# Jackknife Sofa



## mdebluz (Sep 22, 2014)

Hi all!

I took out the brand new leather jackknife sofa and replaced it with a custom LazyBoy loveseat. I am wondering how hard it to sell the original one and where would be the best place to list it? It is from a 2013 260FL. I am located in Southern Illinois. Thanks so much everyone!


----------



## Leedek (Nov 28, 2010)

Take some quality photos of the sofa. Stage it well so just the sofa is presented. Don't take the photo with the sofa surrounded by clutter. Use a drop cloth as a back drop. Take good photos showing the sofa upright and laying flat as a bed.

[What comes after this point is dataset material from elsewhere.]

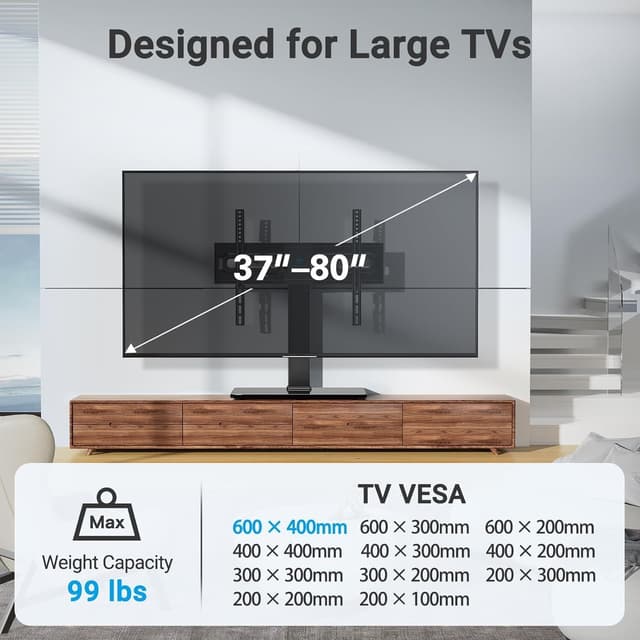 Thumbnail 4 de PERLESMITH PSTVS35 Universal Swivel TV Stand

All you need do then is place an ad in Craigslist offering the sofa for sale. Create an ad that tells the prospective customer about why they need your sofa:

* RV Jackknife Sofa:*

- This is a brand new never used Leather sofa.
- An efficient space saver, sofa & sleeper in one!
- Transforms from sofa to sleeper in just moments
- Provides streamlined appearance w/complimentary sleeping surface
- Ideal for your RV or Motorhome space saving furniture needs!

I have used Craigslist many times to sell items I no longer need. Just remember to specify: "cash only and you haul"

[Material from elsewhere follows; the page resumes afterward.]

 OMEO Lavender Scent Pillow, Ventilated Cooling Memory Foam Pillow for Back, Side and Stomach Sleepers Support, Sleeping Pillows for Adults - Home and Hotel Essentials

Actually just yesterday I sold two folding bicycles to a newly retired couple. They were overjoyed to get my bikes and I broke even on the sale. I had the use of the bikes for two years and sold them for what I paid for them. Good luck. Springfield, IL https://springfieldil.craigslist.org/


----------



## toyboxgang (Apr 6, 2014)

mdebluz said:


> Hi all!
> 
> I took out the brand new leather jackknife sofa and replaced it with a custom LazyBoy loveseat. I am wondering how hard it to sell the original one and where would be the best place to list it? It is from a 2013 260FL. I am located in Southern Illinois. Thanks so much everyone!


----------



## toyboxgang (Apr 6, 2014)

Mdebluz

I also have a 260FL and I would love to see pictures of how you changed out the jacknife sofa and what the finished installation looks like. We would like to remove our sofa because it is terribly uncomfortable to sit on while watching TV.

Thanks


----------